Repeat only what runs from the line with "Building Photo - 4130 W La Vida Ave" through the last line of the data below, both included, keeping every word as it is and leaving out the pictures.
**** Data for the task ****
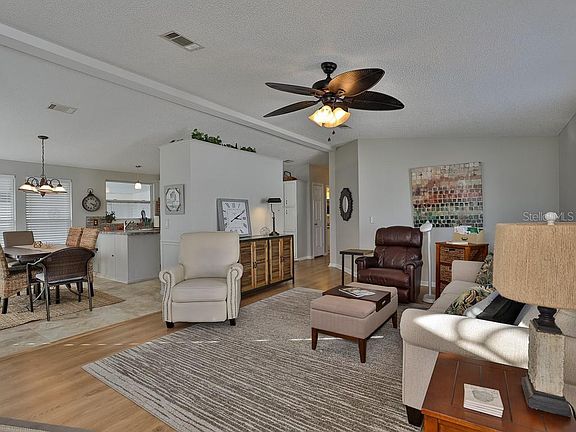 3rd image of 722 Prado Dr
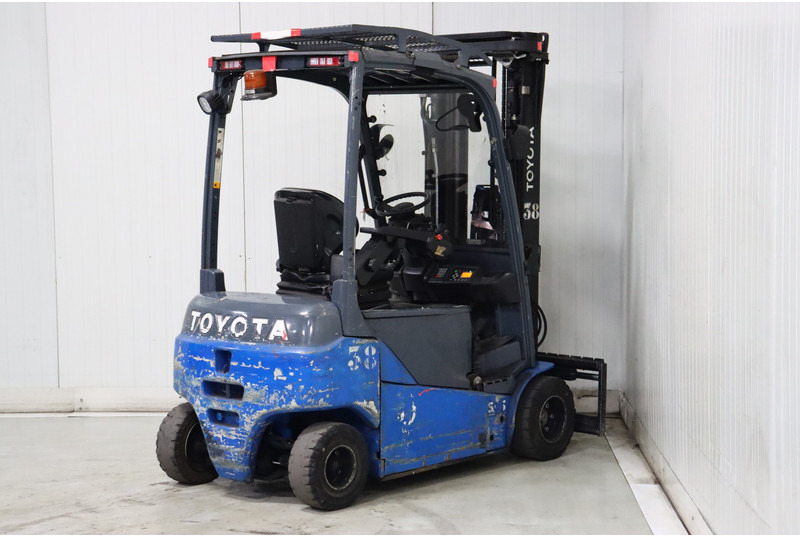 Elektrostapler Toyota 8FBM20T: das Bild 6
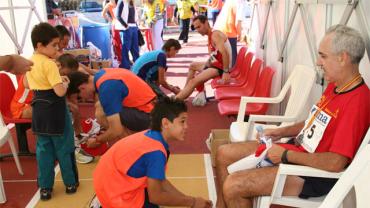 Recuperándose tras la maratón CLM 2006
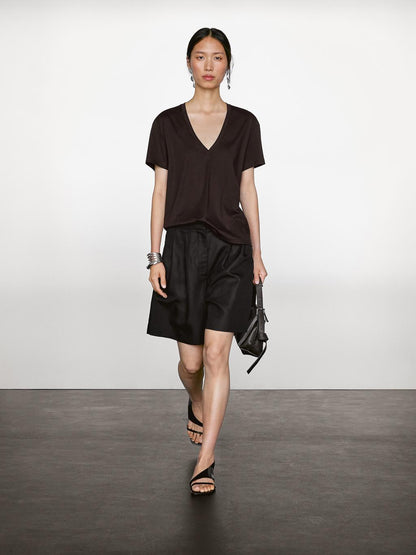 Flowing V-neck T-shirt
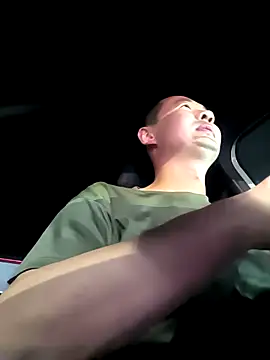 huanhuanaaaaa online show from 14, 4, 2026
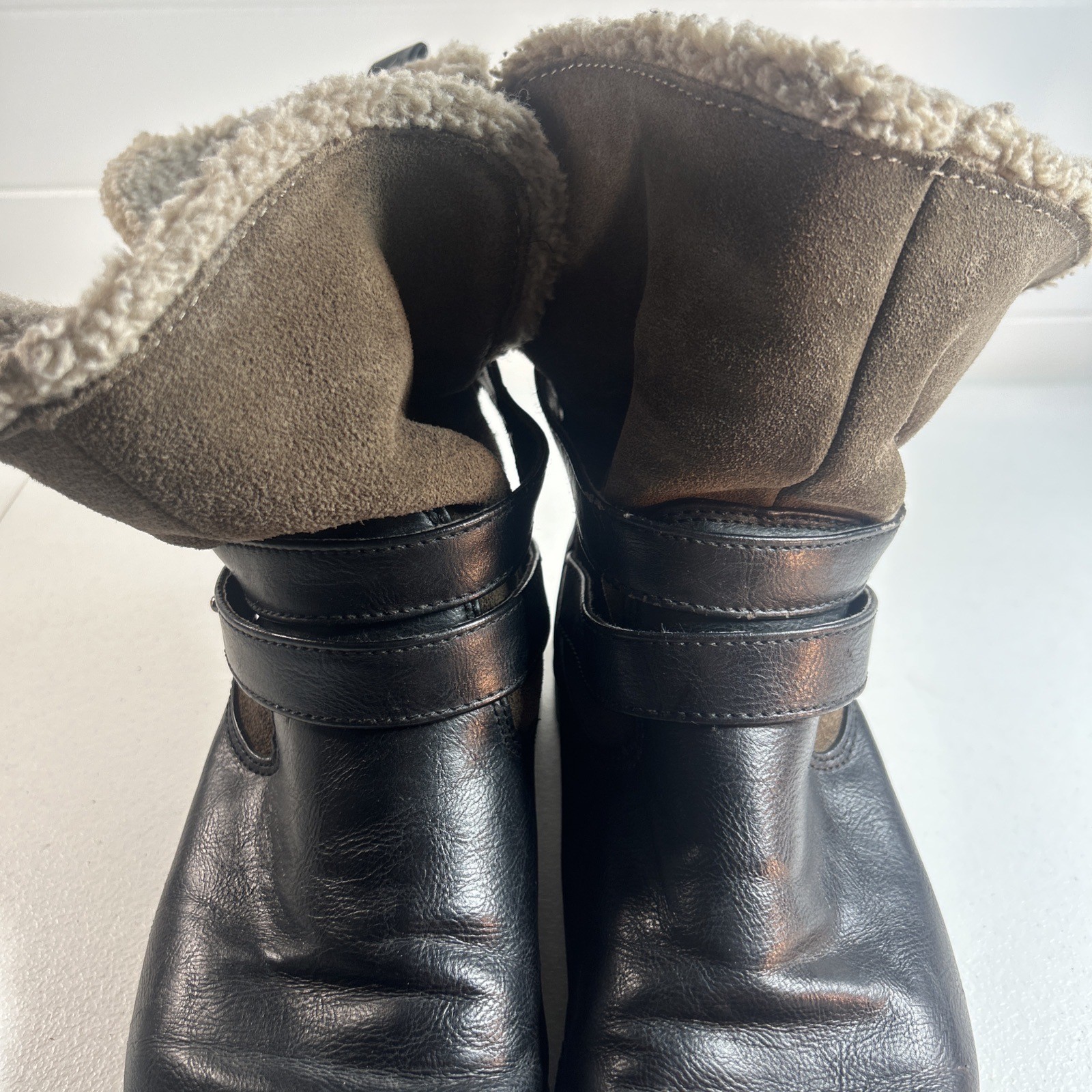American Eagle Women’s Boots Size 7.5 Brown/Black Sherpa Lined Booties Fold Over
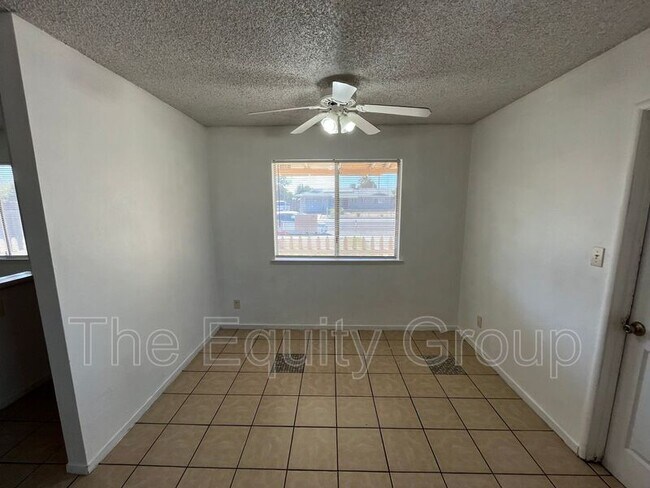 Building Photo - 4130 W La Vida Ave
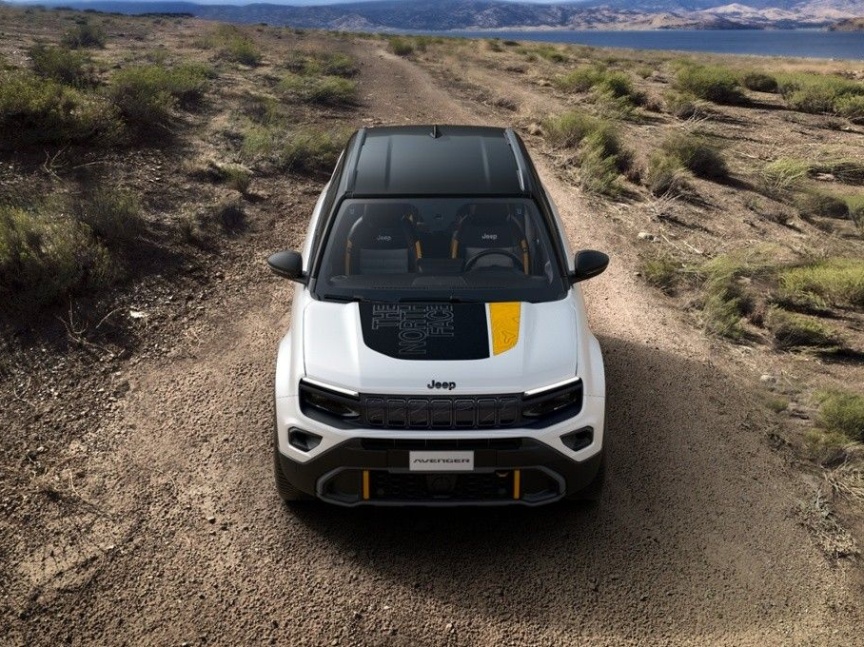 Jeep Avenger 1.2 T e-hybrid AT 145k 4xe The North Face *o404*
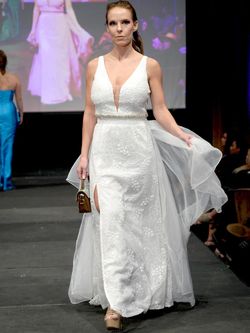 Style 8002 Marc Defang White Size 0 Custom Bridgerton Floor Length Prom Straight Dress on Queenly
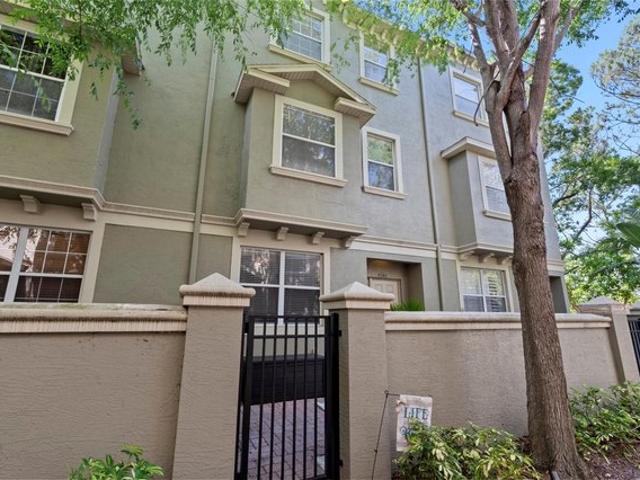 Townhouse for sale in Seminole, Florida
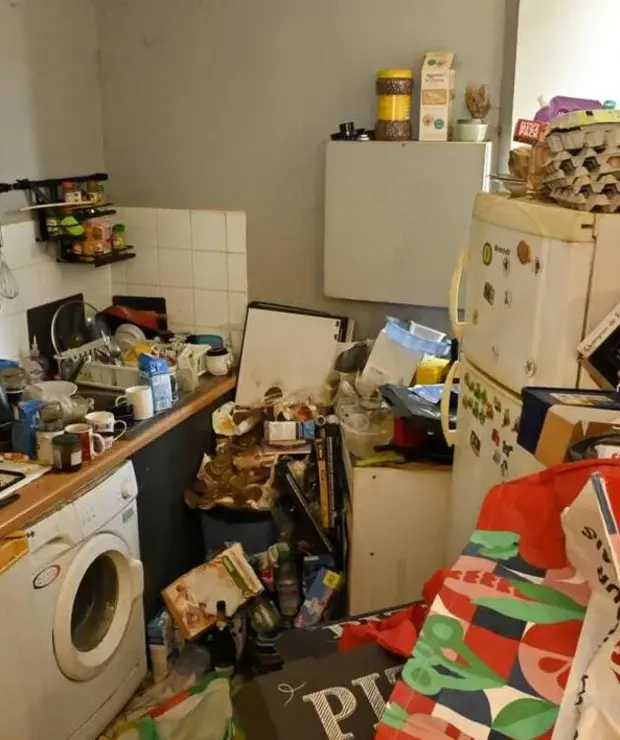 Cuisine d'un logement encombrée avant remise en état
****
- **Exercise result**:
 Building Photo - 4130 W La Vida Ave
 Jeep Avenger 1.2 T e-hybrid AT 145k 4xe The North Face *o404*
 Style 8002 Marc Defang White Size 0 Custom Bridgerton Floor Length Prom Straight Dress on Queenly
 Townhouse for sale in Seminole, Florida
 Cuisine d'un logement encombrée avant remise en état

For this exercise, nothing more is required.